The aim of the Directive is:
- Freedom of expression and right of information: Insufficient protection against the possible actions against the whistleblower have an adverse effect on freedom of expression as well as the public’s right to access information and media freedom. Protection of whistleblowers means that information related with the public interest would be easier to disclose to media.
- Protecting the employee against a possible employment termination: a higher level of whistleblower protection will be secured by establishing reporting channels and improving protection against a possible retaliation in the work-related context by the employee.
- Protection of private life, personal data, healthcare, environment, consumer good administration: The proposal may lead to an increase in the detection and prevention of breaches.
Reporting channels have a prominent role in whistleblowing. Therefore, establishing proper reporting channels for whistleblowing is important. As per the Directive, Companies that employ more than fifty (50) employees, companies with an annual business turnover or annual balance sheet total of EUR 10 million or more, companies that provide financial services or companies that are vulnerable to money laundering and terrorist financing are obliged to set up channels and procedures for whistleblowers to report safely. Public bodies are also obliged to set up channels with some exceptions exist especially for the municipalities with smaller populations. Member states shall also establish external reporting channels in accordance with the Directive.

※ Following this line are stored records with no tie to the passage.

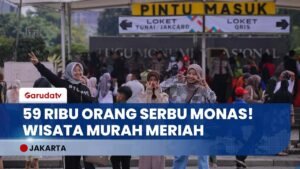 MONAS PECAH REKOR! 59 Ribu Wisatawan Serbu Jakarta, Ada Video Mapping & Air Mancur Menari!
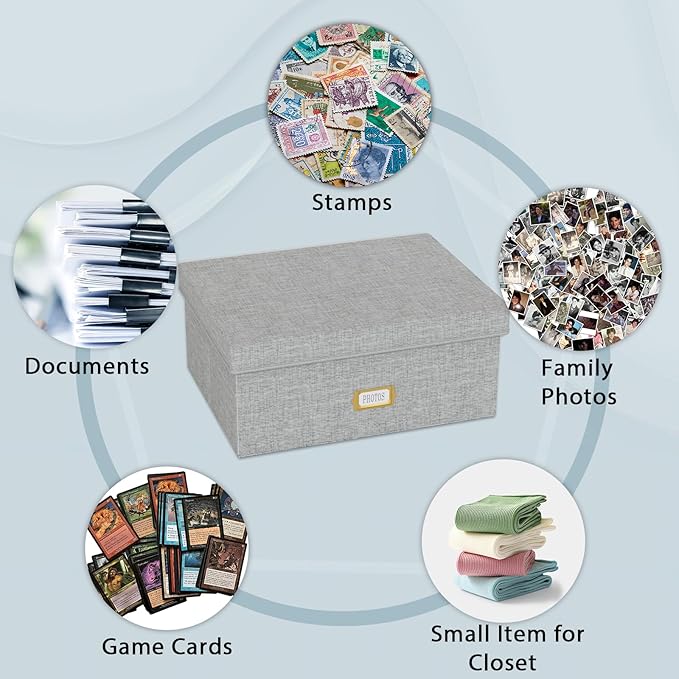 Decorative Photo Storage Box - Linen Photo Box Organizer with Dividers, Fits Holds Up to 1700 Pictures and 5x7 Photos, Memory Keepsake Organizer for Photos, Scrapbook Supplies, Cards, Stamps (Grey)
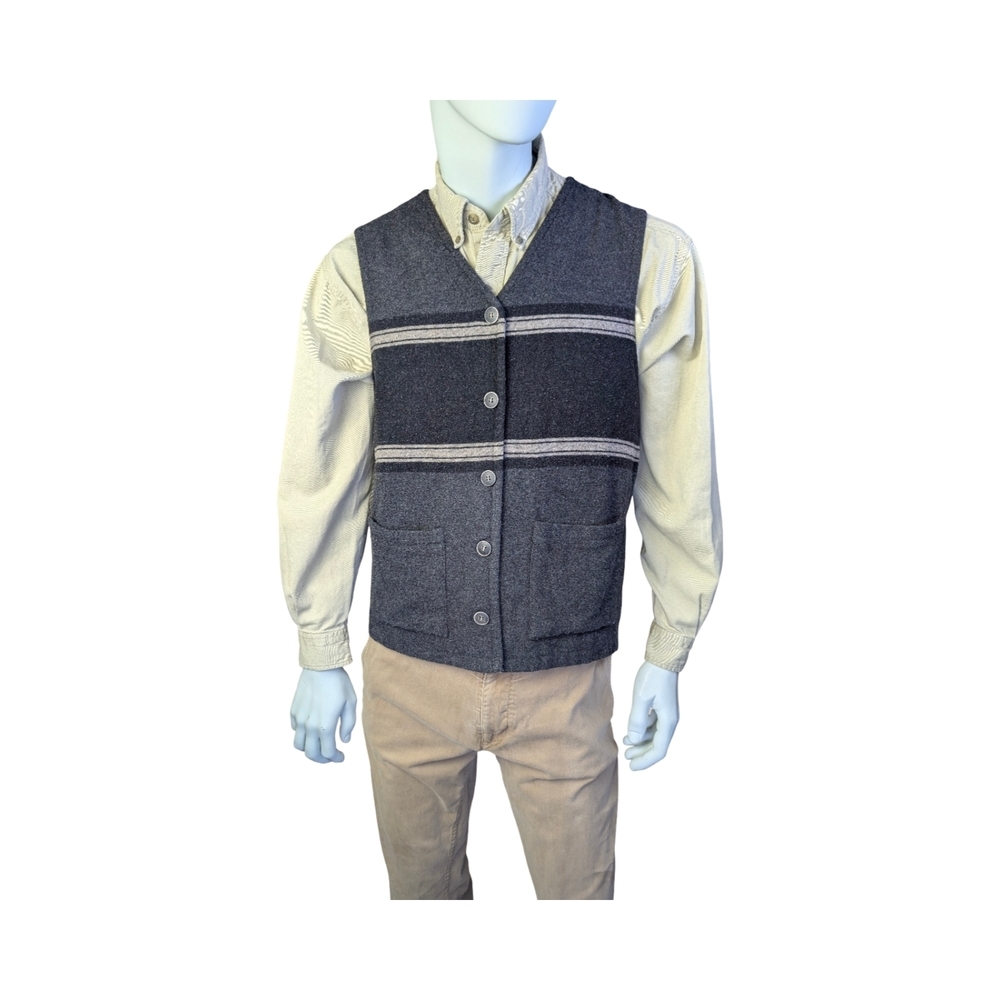 Vintage Jacob Eclectic Grandpa Sweater Vest, Button Front, Pockets And Stripes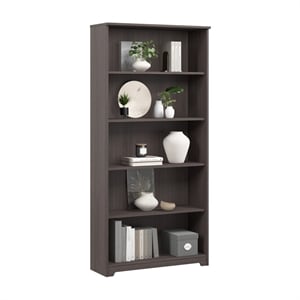 Cabot Tall 5 Shelf Bookcase in Heather Gray - Engineered Wood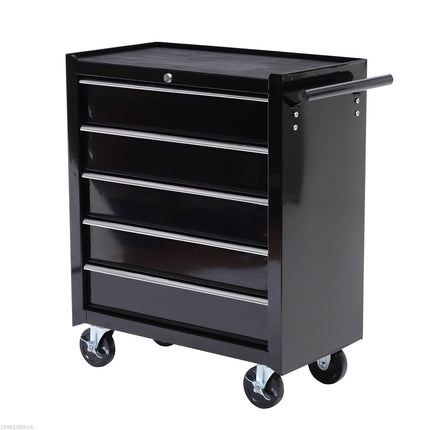 Lockable black tool trolley with 5 drawers & handle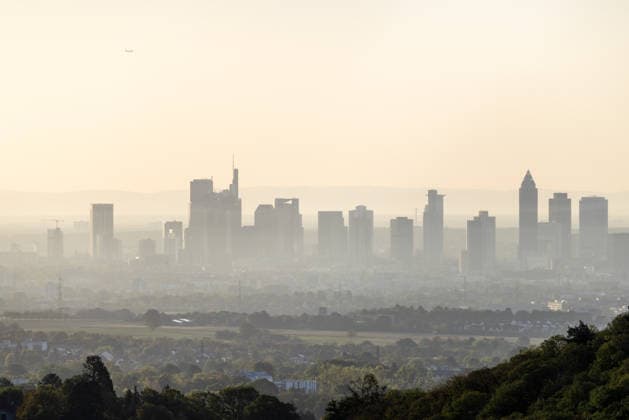 Frankfurt in the Morning: A view of the Frankfurt am Main skyline in the morning sun, Kronberg, Hesse, Germany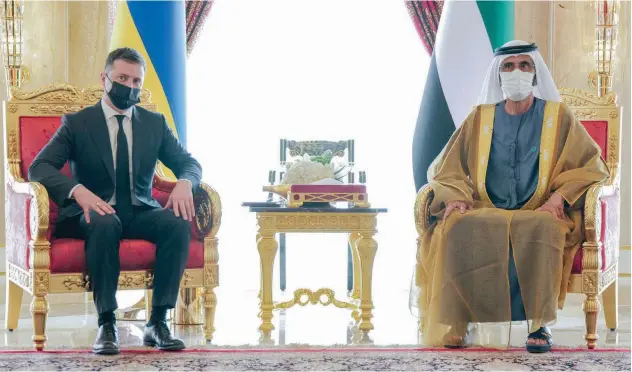  ?? WAM ?? Sheikh Mohammed receives Volodymyr ↑ Zelensky, President of Ukraine, on Monday.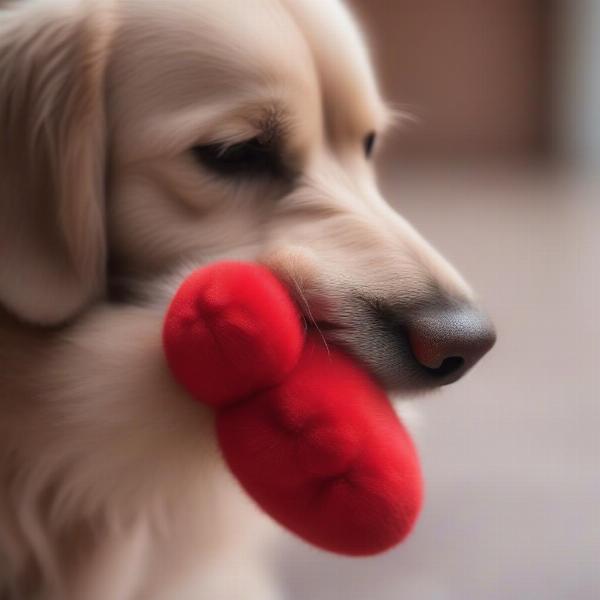 Close-up of a dog's paw wearing a bootie, showing the material and fit.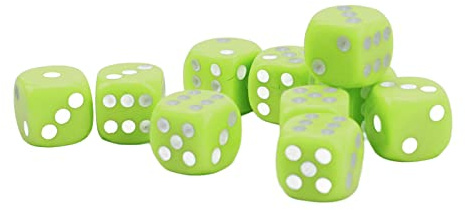 Stylebest Set di dadi a 6 facce, 30 pezzi, angoli rotondi leggeri per giochi da tavolo, insegnamento matematico, plastica 16 mm (verde chiaro)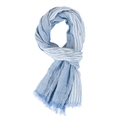 Men's casual blue and white pinstripe scarf with fringed edges and soft texture - Light Blue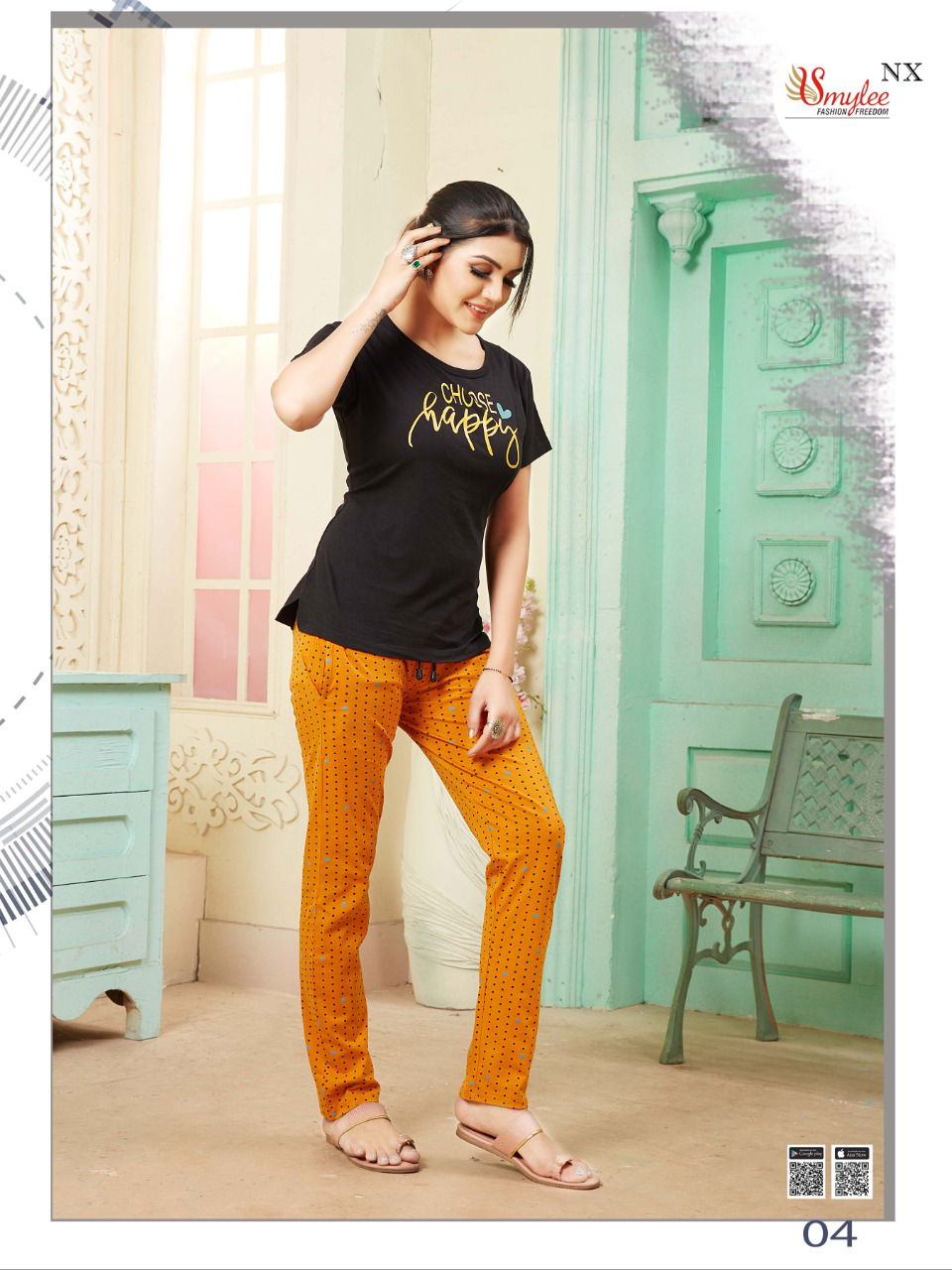 Smylee Latest Fancy Hot Shot Print Sinker Hosiery Night Suits Collection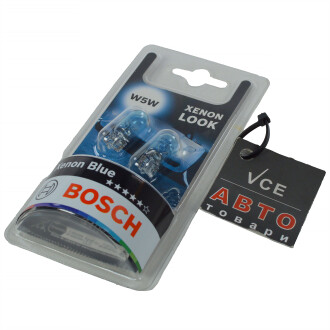 Автолампа xenon blue w5w w2,1x9,5d 5 w прозора BOSCH 1987301033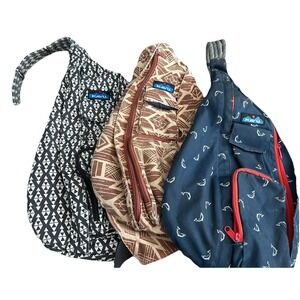 KAVU Rope Sling Bag Aztec Blue Brown Geometric Dolphins Set Bundled Lot Of 3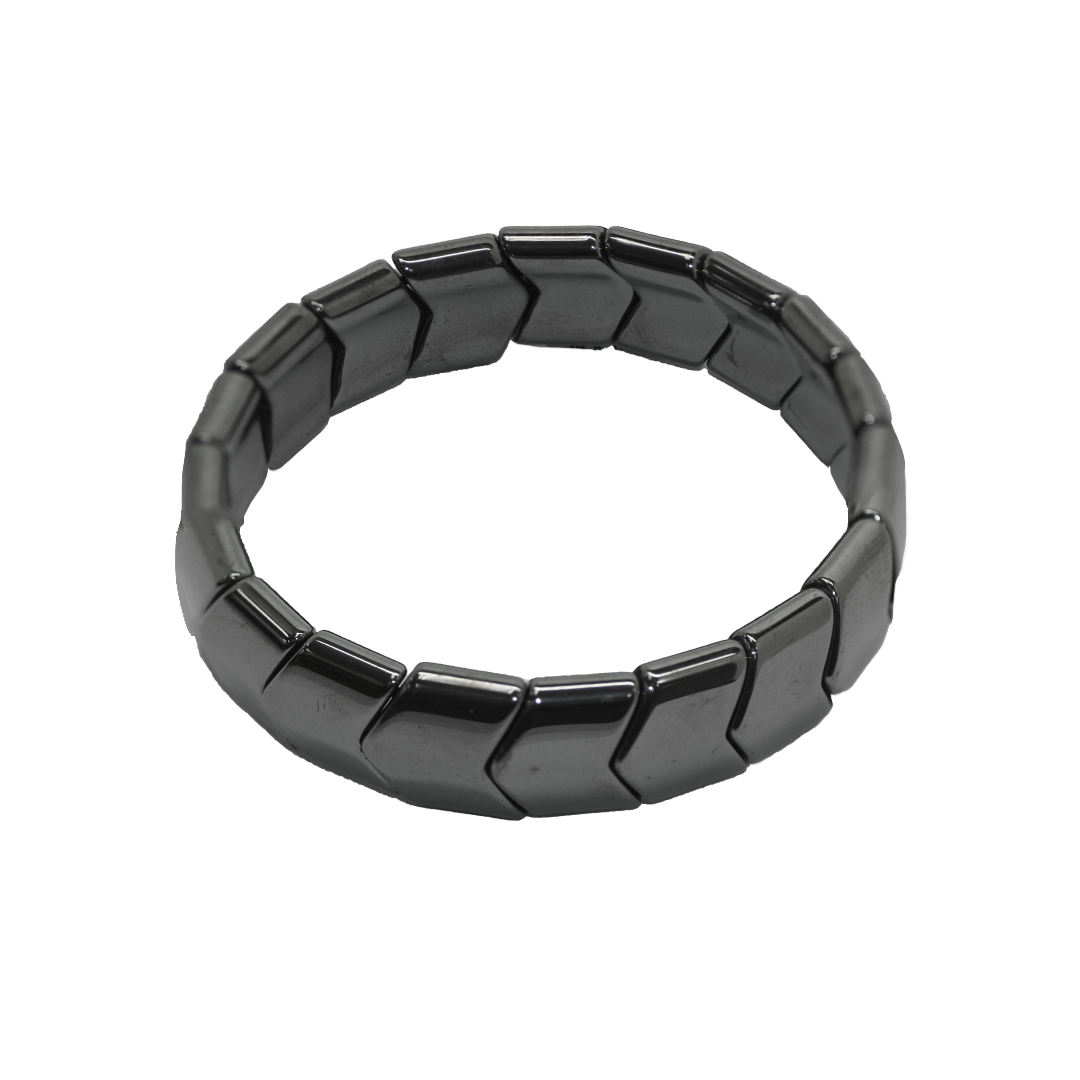 Hematite Stretchy Chevron Bracelet, 14mm x 13mm (Bead), Semi-Precious Stone, 1 pc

Whistleblower retaliation is another important subject that is addressed in the Directive. In accordance with the Directive, EU member states shall take the necessary measures to protect the whistleblower against actions including but not limited to: termination of the employment, demotion, withholding of training, negative performance assessment and failure to convert a temporary employment contract into a permanent one. Whistleblower may use or disclosure of a trade secret a company for the purpose of revealing misconduct, wrongdoing or illegal activity, provided that general public interest exists for such disclosure.
Moreover, the Directive also stipulates reporting procedures that the whistleblower may follow. The Directive envisages three-tiered system. As such, whistleblower shall first contact reporting channels that collects reports. Subsequent to a three month period with no response from internal reporting framework, whistleblower can refer to a competent national authority. The press and civil society come as a last resort if the second tier is insufficient. As per the Directive, whistleblowers may resort to the external channels, competent authorizes depending on the individual circumstances of the whistleblower and also media. The Directive also softens the rules regarding public reporting as it puts less burden on the whistleblower as reasonable belief of wrongdoing shall be sufficient unless proven otherwise.
Following the adoption of the Directive, member states shall have the obligation to comply with the directive in two (2) years. This may also encourage Turkish lawmakers to adopt similar rules to protect whistleblowers especially the reporting employees. The scope of the Directive is not yet clear and may affect the EU companies and citizens currently doing business in Turkey. As a result, Turkey may be obliged to draft its own whistleblowing legislation in relation with the Directive.